### Using Great Expectations for Automated Data Checks
**Objective**: Use Great Expectations to perform data validation steps on a dataset.

**Task 1**: Validate Column Existence

**Steps**:
- Load your dataset using a Pandas DataFrame.
- Use Great Expectations to setup an expectation suite.
- Create an expectation to confirm that a specific column (e.g., customer_id ) exists in your dataset.
- Run the expectation and observe the results.

In [9]:
import pandas as pd
import great_expectations as gx

# Sample data
df = pd.DataFrame({
    "customer_id": [1, 2, 3],
    "name": ["Alice", "Bob", "Charlie"],
    "age": [25, 30, 35]
})

# Create a temporary GE context
context = gx.get_context(mode="ephemeral")

# Add Pandas DataFrame as a Data Asset using Fluent API
datasource = context.datasources.add_pandas(name="my_pandas")
data_asset = datasource.add_dataframe_asset(name="customer_data", dataframe=df)
batch = data_asset.build_batch()

# Create an Expectation Suite
suite = context.add_or_update_expectation_suite(name="customer_suite")

# Validate the batch with the suite
validator = context.get_validator(expectation_suite=suite, batch=batch)

# Add expectation
validator.expect_column_to_exist("customer_id")

# Save expectations
validator.save_expectation_suite(discard_failed_expectations=False)

# Run validation
checkpoint = context.add_or_update_checkpoint(
    name="simple_checkpoint",
    validator=validator
)
results = checkpoint.run()

# Show result
print(results)

AttributeError: 'EphemeralDataContext' object has no attribute 'datasources'

**Task 2**: Validate Column Data Types

**Steps**:
- Using the same dataset setup, create an expectation to check that a numeric column
(e.g., purchase_amount ) contains only float values.
- Identify a numeric column in your dataset.
- Use Great Expectations to create and validate an expectation that checks the column's data type is correct.
- Run your expectation and check if it passes for your data.

In [None]:
# write your code from here
import pandas as pd
import great_expectations as gx

# Sample dataset
df = pd.DataFrame({
    "customer_id": [1, 2, 3],
    "name": ["Alice", "Bob", "Charlie"],
    "purchase_amount": [100.50, 200.75, 150.00]
})

# Create an ephemeral GE context (no files written to disk)
context = gx.get_context(mode="ephemeral")

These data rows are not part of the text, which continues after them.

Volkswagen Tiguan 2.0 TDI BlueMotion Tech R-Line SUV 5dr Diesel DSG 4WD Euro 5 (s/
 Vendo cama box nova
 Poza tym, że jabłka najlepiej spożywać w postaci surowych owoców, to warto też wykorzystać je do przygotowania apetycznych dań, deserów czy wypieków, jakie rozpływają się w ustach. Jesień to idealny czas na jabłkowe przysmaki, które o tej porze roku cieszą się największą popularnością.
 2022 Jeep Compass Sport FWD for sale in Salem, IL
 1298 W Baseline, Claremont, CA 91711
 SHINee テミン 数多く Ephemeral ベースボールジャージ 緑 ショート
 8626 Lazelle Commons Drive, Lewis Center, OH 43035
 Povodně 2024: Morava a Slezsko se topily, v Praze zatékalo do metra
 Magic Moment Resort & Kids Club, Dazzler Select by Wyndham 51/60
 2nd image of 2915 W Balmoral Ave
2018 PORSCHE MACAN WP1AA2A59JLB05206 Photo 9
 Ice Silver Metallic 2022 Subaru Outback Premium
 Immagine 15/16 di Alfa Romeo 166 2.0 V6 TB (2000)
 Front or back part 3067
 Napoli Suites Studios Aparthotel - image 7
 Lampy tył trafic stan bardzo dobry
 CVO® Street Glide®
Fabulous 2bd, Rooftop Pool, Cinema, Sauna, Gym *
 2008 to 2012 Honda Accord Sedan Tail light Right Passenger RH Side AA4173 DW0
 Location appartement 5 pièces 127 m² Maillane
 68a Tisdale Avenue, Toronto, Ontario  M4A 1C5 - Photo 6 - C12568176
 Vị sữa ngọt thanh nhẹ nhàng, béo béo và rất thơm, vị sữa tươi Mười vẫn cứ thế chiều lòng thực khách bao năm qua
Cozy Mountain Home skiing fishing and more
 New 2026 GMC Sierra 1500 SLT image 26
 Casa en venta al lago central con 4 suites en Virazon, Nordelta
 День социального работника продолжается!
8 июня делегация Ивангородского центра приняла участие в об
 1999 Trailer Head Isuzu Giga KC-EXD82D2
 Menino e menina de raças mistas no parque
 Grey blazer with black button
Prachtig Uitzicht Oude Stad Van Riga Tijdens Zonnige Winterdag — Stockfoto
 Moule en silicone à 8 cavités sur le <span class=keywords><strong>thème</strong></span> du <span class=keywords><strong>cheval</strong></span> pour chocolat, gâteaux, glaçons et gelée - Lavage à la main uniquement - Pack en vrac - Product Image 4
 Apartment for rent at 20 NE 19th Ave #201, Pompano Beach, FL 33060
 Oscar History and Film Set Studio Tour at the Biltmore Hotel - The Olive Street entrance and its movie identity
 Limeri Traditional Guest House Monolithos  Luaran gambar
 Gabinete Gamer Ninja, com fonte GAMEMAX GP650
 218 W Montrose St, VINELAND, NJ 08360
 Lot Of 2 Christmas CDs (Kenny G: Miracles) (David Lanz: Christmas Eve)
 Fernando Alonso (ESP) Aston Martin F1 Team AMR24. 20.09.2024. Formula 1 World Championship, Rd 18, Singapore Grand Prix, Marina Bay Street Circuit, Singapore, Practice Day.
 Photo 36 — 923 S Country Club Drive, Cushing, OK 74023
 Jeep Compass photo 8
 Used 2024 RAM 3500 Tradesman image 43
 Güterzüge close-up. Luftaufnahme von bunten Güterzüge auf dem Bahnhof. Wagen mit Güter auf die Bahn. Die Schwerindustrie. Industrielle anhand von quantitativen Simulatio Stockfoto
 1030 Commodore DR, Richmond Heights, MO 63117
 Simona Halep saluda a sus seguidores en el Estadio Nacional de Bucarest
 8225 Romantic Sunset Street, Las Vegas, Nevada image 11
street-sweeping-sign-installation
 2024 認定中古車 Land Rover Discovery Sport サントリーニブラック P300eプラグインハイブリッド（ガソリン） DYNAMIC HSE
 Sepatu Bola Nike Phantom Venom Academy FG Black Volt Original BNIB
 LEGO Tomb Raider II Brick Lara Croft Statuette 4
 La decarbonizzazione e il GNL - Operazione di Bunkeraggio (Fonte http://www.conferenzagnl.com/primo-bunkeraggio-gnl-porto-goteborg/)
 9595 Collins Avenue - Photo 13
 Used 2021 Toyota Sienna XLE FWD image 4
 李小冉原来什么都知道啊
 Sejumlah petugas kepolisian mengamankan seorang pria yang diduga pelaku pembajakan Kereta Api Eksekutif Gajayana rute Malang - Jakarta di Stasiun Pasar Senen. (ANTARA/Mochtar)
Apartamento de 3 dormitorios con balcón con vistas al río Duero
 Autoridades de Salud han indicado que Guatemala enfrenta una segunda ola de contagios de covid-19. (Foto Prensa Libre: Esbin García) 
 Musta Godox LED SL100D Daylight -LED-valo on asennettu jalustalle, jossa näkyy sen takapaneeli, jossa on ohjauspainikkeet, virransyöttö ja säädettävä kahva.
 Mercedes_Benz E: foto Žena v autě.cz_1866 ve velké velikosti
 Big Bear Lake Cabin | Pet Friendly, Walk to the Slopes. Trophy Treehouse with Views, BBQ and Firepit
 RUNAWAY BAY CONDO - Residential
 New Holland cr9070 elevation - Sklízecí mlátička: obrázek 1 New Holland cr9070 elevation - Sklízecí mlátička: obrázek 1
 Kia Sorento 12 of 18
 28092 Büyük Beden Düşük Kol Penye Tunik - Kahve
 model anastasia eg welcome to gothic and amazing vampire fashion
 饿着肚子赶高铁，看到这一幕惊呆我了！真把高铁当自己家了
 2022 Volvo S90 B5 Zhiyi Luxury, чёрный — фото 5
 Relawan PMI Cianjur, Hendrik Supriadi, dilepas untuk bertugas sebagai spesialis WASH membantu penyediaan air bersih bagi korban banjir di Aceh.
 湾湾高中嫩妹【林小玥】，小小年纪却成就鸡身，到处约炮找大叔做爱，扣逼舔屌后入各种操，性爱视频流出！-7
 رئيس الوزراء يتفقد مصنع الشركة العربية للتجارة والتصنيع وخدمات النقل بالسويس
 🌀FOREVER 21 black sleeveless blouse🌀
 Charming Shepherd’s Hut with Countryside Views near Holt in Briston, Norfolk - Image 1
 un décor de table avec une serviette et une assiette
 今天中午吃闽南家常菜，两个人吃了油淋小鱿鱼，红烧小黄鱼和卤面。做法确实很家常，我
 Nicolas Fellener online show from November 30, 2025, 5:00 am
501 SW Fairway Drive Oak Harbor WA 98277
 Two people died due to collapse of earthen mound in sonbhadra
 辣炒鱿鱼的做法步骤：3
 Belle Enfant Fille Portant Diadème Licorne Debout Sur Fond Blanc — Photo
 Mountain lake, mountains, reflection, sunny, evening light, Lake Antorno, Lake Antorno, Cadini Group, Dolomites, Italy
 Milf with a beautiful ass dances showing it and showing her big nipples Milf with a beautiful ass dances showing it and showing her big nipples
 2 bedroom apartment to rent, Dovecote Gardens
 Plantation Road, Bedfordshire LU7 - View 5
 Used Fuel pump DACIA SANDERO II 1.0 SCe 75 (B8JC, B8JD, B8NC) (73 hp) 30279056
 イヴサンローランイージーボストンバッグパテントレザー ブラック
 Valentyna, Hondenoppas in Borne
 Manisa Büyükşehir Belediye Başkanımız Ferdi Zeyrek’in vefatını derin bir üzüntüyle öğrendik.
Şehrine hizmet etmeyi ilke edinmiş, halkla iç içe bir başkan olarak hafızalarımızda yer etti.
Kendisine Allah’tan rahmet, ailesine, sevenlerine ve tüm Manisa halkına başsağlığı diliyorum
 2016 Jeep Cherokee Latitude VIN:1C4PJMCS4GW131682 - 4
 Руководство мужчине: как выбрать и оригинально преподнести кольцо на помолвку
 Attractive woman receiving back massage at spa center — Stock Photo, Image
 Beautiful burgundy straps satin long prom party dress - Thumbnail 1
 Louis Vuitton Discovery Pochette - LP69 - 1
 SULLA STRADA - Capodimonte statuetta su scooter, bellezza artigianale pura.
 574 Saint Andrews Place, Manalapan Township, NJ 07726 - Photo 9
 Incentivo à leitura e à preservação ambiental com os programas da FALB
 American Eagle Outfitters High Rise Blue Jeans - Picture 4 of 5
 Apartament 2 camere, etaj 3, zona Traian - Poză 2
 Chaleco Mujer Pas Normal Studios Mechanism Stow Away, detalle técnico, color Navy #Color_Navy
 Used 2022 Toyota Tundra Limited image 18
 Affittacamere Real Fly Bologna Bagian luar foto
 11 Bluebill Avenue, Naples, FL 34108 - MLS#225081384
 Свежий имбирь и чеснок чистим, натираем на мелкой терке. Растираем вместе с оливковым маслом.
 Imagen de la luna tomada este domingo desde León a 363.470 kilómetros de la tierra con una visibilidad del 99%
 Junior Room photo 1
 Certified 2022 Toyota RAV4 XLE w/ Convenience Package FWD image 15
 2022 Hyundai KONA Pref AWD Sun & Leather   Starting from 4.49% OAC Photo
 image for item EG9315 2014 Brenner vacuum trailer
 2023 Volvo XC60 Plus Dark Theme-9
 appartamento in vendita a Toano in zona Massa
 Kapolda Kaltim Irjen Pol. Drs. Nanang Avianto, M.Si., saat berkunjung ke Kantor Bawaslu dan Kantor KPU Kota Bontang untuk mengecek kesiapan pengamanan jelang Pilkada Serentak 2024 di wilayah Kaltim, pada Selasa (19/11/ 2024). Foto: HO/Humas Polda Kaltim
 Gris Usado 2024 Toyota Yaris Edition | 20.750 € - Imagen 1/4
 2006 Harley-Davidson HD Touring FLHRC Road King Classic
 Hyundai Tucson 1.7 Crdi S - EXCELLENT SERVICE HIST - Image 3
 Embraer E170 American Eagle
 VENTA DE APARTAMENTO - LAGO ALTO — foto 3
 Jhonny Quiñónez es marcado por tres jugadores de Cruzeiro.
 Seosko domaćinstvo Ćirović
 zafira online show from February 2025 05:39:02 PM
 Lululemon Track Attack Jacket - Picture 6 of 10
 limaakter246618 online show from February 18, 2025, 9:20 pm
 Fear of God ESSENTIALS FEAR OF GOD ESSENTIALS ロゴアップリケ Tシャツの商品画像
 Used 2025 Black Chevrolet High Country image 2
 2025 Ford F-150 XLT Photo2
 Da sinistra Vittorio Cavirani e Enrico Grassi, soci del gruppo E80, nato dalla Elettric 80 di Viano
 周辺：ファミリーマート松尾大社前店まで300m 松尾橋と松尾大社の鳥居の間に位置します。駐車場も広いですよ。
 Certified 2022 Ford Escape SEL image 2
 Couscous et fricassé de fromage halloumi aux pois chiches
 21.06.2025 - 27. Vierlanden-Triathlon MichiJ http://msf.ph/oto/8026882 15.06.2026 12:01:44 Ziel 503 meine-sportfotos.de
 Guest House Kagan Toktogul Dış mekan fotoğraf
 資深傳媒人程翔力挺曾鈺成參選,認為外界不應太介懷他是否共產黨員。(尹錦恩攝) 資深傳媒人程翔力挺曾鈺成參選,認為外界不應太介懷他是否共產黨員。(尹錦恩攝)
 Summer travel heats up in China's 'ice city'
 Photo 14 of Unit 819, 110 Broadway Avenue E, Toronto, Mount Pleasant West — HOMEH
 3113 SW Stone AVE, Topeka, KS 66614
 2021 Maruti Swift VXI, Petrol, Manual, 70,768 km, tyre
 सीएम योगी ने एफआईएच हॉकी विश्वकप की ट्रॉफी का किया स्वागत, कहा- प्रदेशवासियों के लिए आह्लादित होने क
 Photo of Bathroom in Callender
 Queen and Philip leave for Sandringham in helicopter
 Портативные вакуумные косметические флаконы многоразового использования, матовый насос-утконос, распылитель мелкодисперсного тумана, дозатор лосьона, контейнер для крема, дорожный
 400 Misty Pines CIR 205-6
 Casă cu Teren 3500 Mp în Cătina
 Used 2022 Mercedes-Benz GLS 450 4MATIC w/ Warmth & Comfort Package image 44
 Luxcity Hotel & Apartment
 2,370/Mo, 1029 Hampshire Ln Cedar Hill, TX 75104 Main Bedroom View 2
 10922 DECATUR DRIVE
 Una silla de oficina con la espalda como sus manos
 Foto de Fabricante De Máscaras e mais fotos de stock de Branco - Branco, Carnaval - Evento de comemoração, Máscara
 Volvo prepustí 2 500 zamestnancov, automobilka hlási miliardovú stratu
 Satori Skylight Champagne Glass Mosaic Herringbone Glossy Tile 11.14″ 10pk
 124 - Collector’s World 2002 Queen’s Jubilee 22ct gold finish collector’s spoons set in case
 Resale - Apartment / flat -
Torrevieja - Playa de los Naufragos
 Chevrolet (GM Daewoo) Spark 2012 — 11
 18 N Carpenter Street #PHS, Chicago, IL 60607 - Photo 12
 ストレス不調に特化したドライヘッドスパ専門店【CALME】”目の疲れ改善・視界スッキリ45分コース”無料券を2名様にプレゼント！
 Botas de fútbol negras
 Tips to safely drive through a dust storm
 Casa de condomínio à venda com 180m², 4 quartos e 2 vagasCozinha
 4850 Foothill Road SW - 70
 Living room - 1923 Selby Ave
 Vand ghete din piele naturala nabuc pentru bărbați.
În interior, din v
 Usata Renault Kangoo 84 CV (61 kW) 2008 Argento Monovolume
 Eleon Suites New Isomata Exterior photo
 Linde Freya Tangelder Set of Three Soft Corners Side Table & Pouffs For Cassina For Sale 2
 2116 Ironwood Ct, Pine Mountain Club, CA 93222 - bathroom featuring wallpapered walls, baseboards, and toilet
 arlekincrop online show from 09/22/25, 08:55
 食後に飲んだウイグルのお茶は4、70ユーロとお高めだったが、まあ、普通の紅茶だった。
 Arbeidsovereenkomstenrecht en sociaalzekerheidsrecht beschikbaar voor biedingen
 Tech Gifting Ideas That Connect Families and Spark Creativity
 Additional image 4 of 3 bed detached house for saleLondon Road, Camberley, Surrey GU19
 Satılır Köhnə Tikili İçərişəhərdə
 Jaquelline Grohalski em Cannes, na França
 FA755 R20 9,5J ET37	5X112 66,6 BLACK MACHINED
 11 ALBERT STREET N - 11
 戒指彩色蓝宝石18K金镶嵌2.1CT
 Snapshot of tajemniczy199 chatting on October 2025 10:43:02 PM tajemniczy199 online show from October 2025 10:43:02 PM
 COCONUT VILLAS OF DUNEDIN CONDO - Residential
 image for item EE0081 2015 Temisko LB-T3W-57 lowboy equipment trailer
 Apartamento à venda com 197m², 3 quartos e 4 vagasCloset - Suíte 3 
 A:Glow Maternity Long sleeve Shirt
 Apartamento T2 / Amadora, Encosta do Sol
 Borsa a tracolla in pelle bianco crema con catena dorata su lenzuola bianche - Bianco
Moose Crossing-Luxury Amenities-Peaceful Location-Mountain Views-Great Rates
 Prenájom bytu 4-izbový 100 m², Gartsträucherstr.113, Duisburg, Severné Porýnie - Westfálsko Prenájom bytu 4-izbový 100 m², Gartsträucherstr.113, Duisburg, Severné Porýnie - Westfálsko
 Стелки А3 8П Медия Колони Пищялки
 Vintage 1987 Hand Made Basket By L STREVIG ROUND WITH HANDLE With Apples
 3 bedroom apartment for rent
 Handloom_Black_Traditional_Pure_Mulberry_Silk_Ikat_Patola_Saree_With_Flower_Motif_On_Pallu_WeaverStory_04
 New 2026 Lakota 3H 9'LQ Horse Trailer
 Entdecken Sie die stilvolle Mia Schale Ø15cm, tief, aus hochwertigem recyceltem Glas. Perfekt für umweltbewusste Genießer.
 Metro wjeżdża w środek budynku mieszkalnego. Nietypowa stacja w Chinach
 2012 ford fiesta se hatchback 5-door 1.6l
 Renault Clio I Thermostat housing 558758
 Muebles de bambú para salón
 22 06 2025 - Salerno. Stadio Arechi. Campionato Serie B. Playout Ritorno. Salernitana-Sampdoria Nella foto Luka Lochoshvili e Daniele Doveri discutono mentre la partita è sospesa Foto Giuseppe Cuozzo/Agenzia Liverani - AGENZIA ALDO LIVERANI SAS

# Register Pandas datasource and create a data asset
datasource = context.datasources.add_pandas(name="my_pandas")
data_asset = datasource.add_dataframe_asset(name="customer_data", dataframe=df)
batch = data_asset.build_batch()

# Create expectation suite
suite = context.add_or_update_expectation_suite(name="column_type_suite")

# Get validator to work with the batch and suite
validator = context.get_validator(expectation_suite=suite, batch=batch)

# Add expectation: purchase_amount column should be of float type
validator.expect_column_values_to_be_of_type("purchase_amount", "float")

# Save the expectation suite
validator.save_expectation_suite(discard_failed_expectations=False)

# Run validation through a checkpoint
checkpoint = context.add_or_update_checkpoint(
    name="type_validation_checkpoint",
    validator=validator
)
results = checkpoint.run()

# Show validation results
print(results)

AttributeError: 'EphemeralDataContext' object has no attribute 'datasources'

**Task 3**: Validate Range of Values

**Steps**:
- Set an expectation using Great Expectations to ensure that a column (e.g., age ) values
are between 18 and 65.
- Identify a column in your dataset where values fall within a specific range.
- Implement a range-based expectation to check this column and validate your dataset.
- Observe and interpret the result of your expectation.

In [None]:
# write your code from here
import pandas as pd
import great_expectations as gx

# Sample dataset
df = pd.DataFrame({
    "customer_id": [1, 2, 3, 4],
    "name": ["Alice", "Bob", "Charlie", "Diana"],
    "age": [25, 40, 17, 70],  # Contains values outside expected range
    "purchase_amount": [100.5, 200.75, 150.0, 180.25]
})

# Create ephemeral context
context = gx.get_context(mode="ephemeral")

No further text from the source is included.